U.S. Army to Test Prospects' Racing Skills in New Augmented-Reality Computer Game
Army - Race for Strength, the newest element in the interactive, participatory Strength in Action Zone (SIAZ) exhibit at major NASCAR and NHRA races, makes its debut February 11th simultaneously in four locations:
- *Daytona International Speedway in Daytona Beach, Fla. during Speed Weeks preceding NASCAR's Daytona 500.
- *Auto Club Raceway in Pomona, Calif., as part of festivities surrounding the NHRA's Kragen O'Reilly Winternationals.
- *McCormick Place at the Chicago International Automobile Show.
- *Online via a downloadable version
(http://www.goarmy.com/raceforstrength) which will allow Internet visitors to test their driving ability to accomplish the mission (and compete against their friends).
The game is considered to be one of the first practical uses of augmented reality, a technology which mates real-world activities with computer-generated graphic situations.
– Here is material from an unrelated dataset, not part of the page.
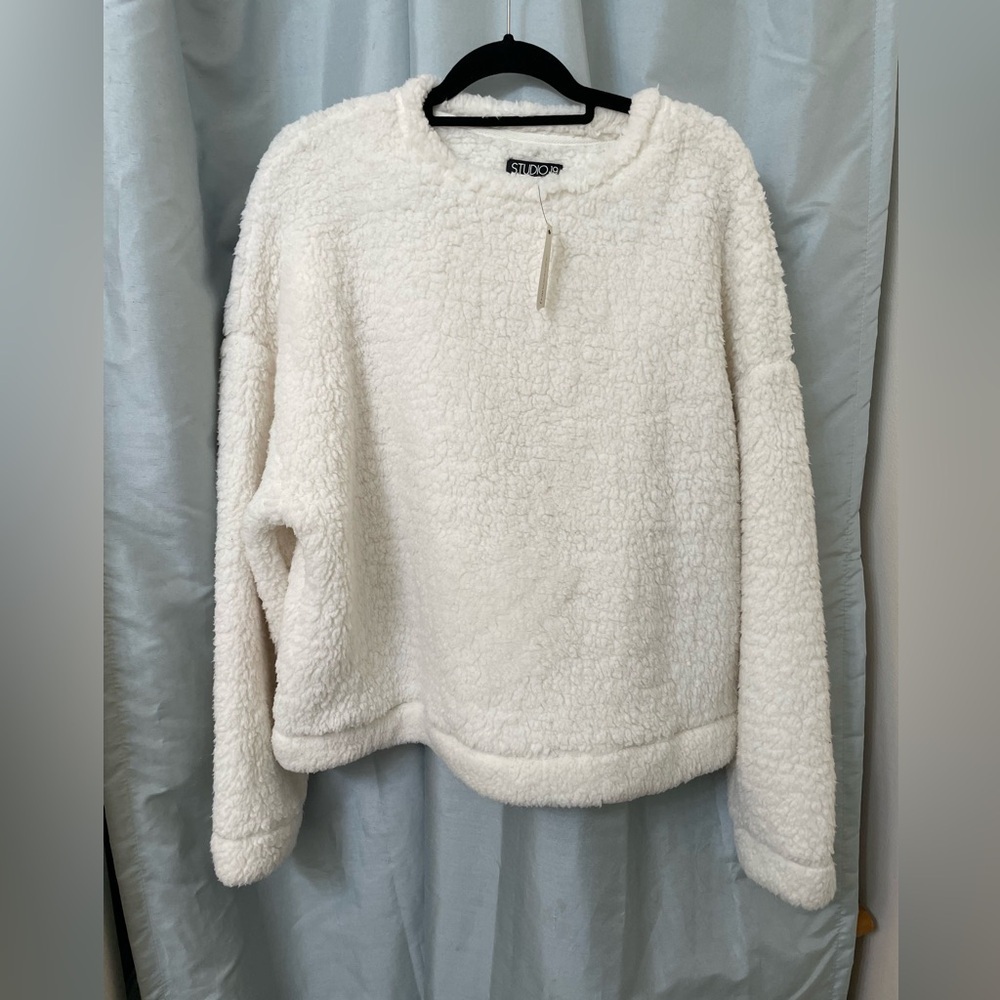 NWT Francesca’s Studio19 cream sherpa sweater size XL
"Drivers" use a palm card (received upon registration at a SIAZ or printed during the download process) to control the #39 U.S. Army Chevrolet (through a web cam) as it weaves through a convoy of speeding Mine Resistant Ambush Protected (MRAP) and Stryker AV vehicles.
The card can be turned left and right for steering, tilted forward to accelerate and pulled back to brake. In addition, players can stop playing the game and receive more information about the U.S. Army vehicles with which they share the road
The computer game is another extension of the U.S. Army's continuing effort to showcase its high-tech skills training and the many options and opportunities it offers.
"Many young Americans may not be aware of the wide variety of opportunities available to them in the U.S. Army," said Colonel Derik W. Crotts, Director of Strategic Marketing and Outreach for the U.S. Army Accessions Command. "Education, high-tech training and leadership development are just a few of the options available in the Army. The Army provides access to more of these than any other organization. This new computer technology will allow today's youth to experience the diverse elements of the Army, and demonstrate the elite technology and training used to develop our Army Strong Soldiers."